What are motivations for this work
Current Android system has not any restrictions to the number of permissions that an application can request, developers tend to apply more than actually needed permissions in order to ensure the successful running of the application, which results in the abuse of permissions.
Some traditional detection methods only consider the requested permissions and ignore whether it is actually used, which lead to incorrect identification of some malwares.
What is the proposed solution
We present a machine learning detection method which is based on the actually used permission combinations and API calls.
The framework contains mainly four parts:
- Extracting AndroidManifest.xml and Smali codes by Apktool.
- Firstly, extracting the permissions that declared in AndroidManifest.xml. Secondly, extracting API calls through scanning Smali codes in according with the mapping relation between permissions and API, and get the actually used permissions.
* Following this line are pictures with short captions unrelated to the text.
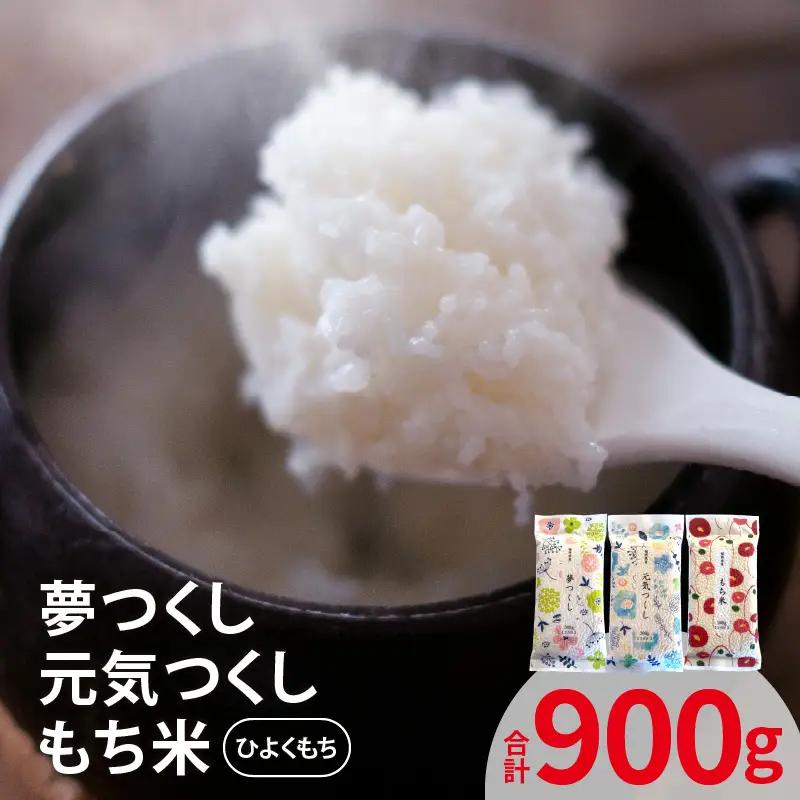 夢つくし＆元気つくし＆ひよくもち 各300ｇ×1袋 _YF0705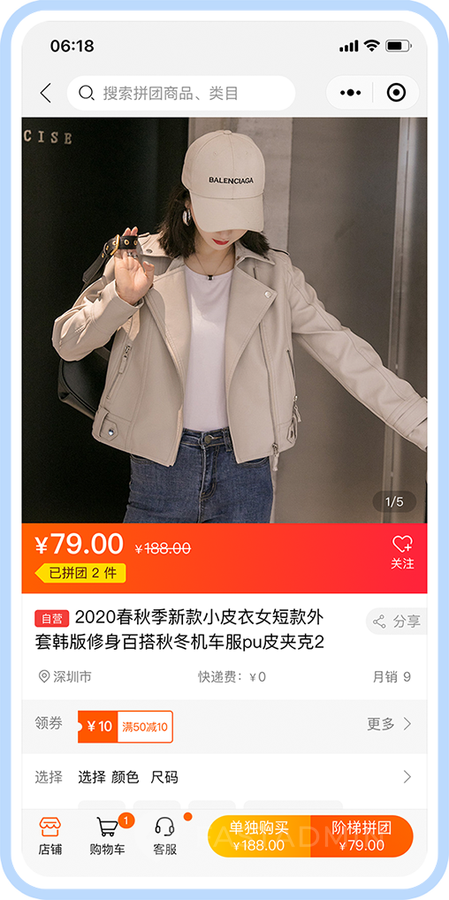 B2B2C 多商家短视频直播种草阶梯拼团电商系统 截图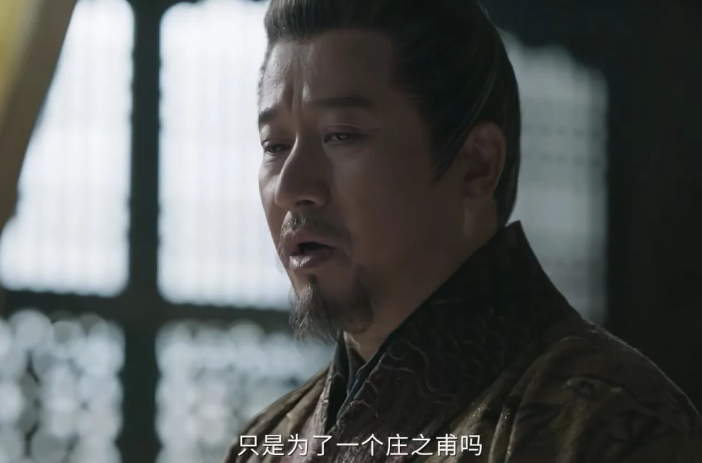 《藏海传》，皇帝（张国强）终于上朝了，一出场就夺了曹静贤督卫司总领之权，平津侯也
Finally, obtaining the actually used permissions combination based on the single permission.
- Generating feature vector, each application is represented as an instance.
- Using five machine learning classification algorithms, including J48, Random Forest, SVM, KNN and AdaboostM1, to realize the classification and evaluation for applications.
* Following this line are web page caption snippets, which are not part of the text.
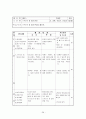 테니스 학습지도안 30페이지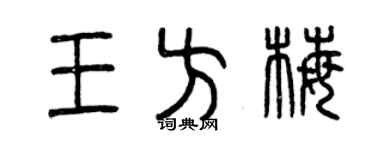 曾慶福王方梅篆書個性簽名怎么寫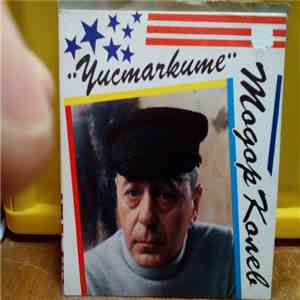 Тодор Колев, НЛО - Чистачките / Писмо До Сицилия download flac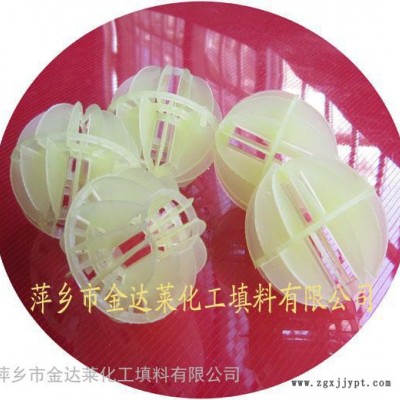 RPP增强聚丙烯多面空心球_玻璃纤维增强丙烯多面球  增强聚丙烯多面空心球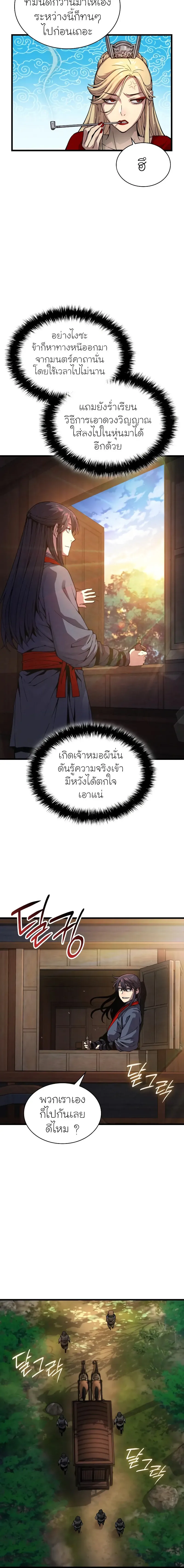 Myst Might Mayhem ตอนที่ ตอนที่ 40 รูปที่ 8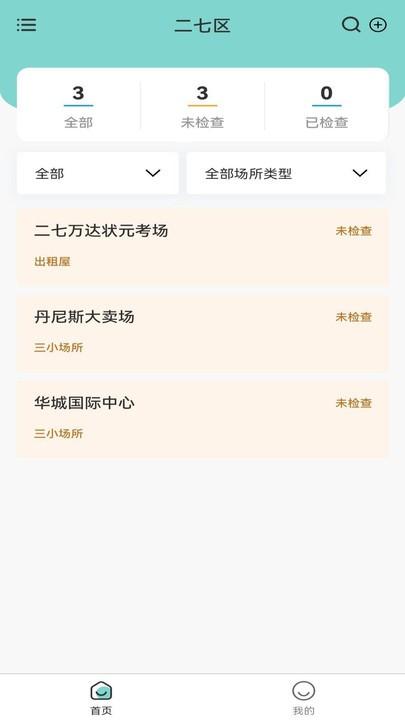 火灾隐患排查app下载,火灾隐患排查,消防app,安全app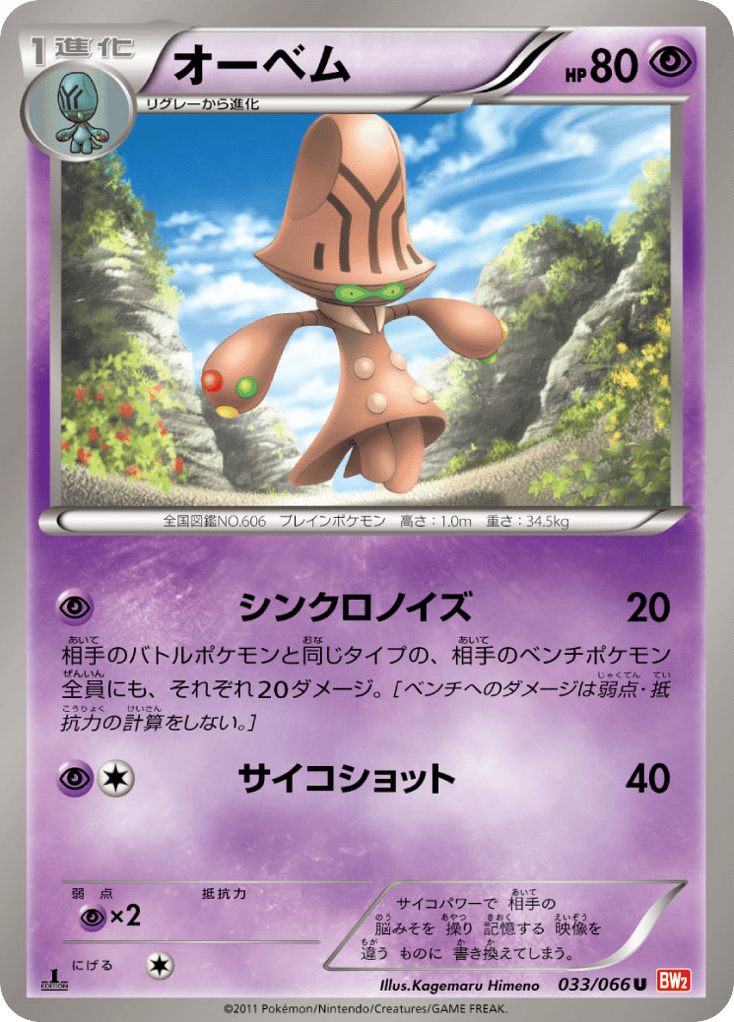 オーベム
What is the work's evaluation of the proposed solution
The authors collected a total of 2375 Android applications. the 1170 malware samples are composed of 23 families from genetic engineering. 1205 benign samples are from Google officail market.
We evaluate the classification performance of five different algorithms in terms of feature sets that have been extracted from applications, including API calls, permissions combination, the combination of actually used permissions combination and API calls, requested permissions. Inaddition, information gain and CFS feature selection algorithms are used to select the useful features to improve the efficiency of classifiers.
From the feature extraction, there is some differences between requested permissions and actually used permissions, it is imporant to improve the efficiency:
The experiments show that the feature of actually used permissions combination an API calls can achieve better performance:
What is your analysis of the identified problem, idea and evaluation
The main idea of the paper is useing actually uesd permissions instead of declared permissons. But PScout can't get the whole mapping of permissons and API calls. This can make some errors.
What are the contributions
- Presented an Android malware detection method.
- Various machine learning algorithms, feature selection methods and experimental samples are used to validate the efficiency.
- The method can improve the performance of classifiers significantly and is more accurate than before methods.
What are future directions for this research
- More useful characteristics could be extracted to achieve better results.
- Integration of multiple classifiers could be used to improve the identification of classifiers.
What questions are you left with
Why not evaluate the performance of classifiers obtained when using the combination of declared permissions combination and API calls?